(Provided data)
* * * * * * * * *
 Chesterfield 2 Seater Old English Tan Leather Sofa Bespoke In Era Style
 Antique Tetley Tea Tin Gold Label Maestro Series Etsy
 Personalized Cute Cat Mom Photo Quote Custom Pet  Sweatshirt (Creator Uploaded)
* * * * * * * * *
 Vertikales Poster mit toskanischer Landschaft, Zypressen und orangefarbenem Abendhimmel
* * * * * * * * *
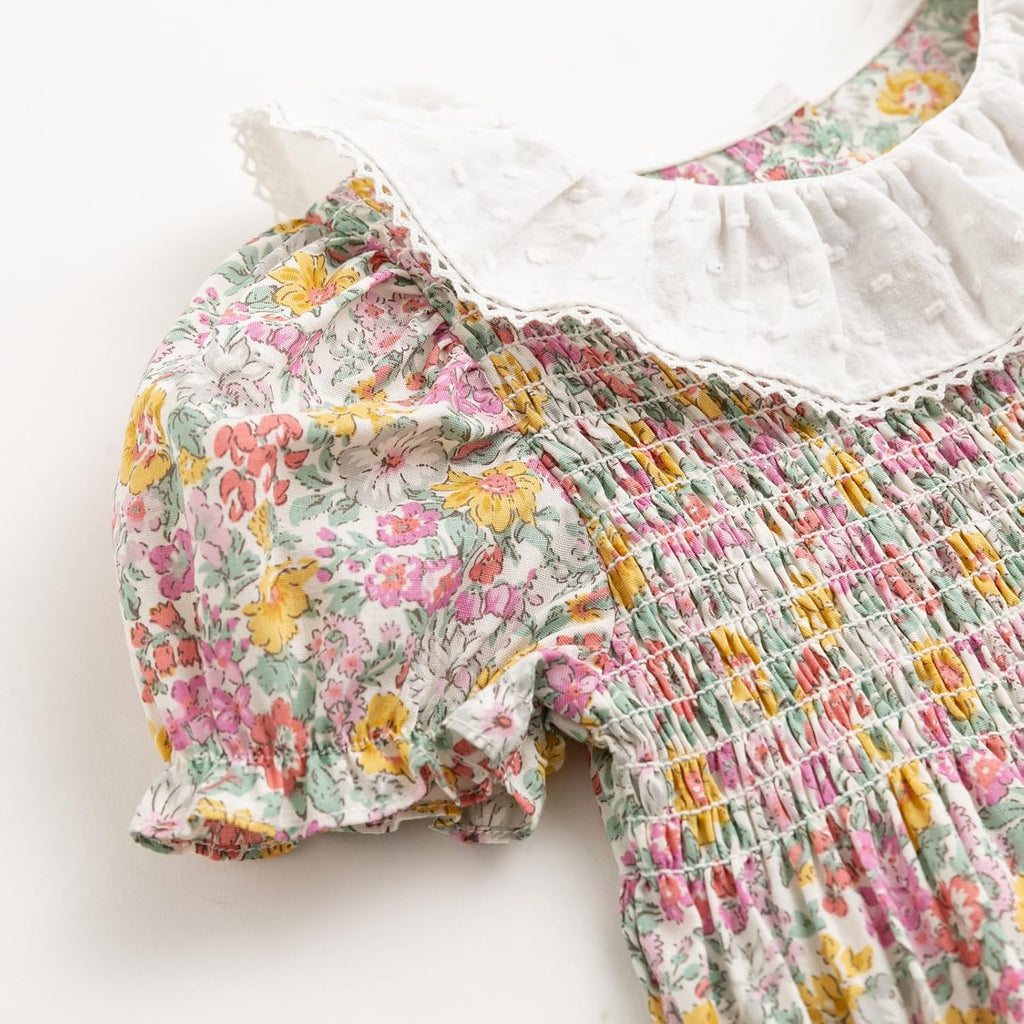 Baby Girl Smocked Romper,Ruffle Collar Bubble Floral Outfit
* * * * * * * * *
(Required work) Retype, in the same exact form, the lines of the material above from the line holding "Chesterfield 2 Seater" through the line holding "Personalized Cute Cat".

(Reply to the task)
 Chesterfield 2 Seater Old English Tan Leather Sofa Bespoke In Era Style
 Antique Tetley Tea Tin Gold Label Maestro Series Etsy
 Personalized Cute Cat Mom Photo Quote Custom Pet  Sweatshirt (Creator Uploaded)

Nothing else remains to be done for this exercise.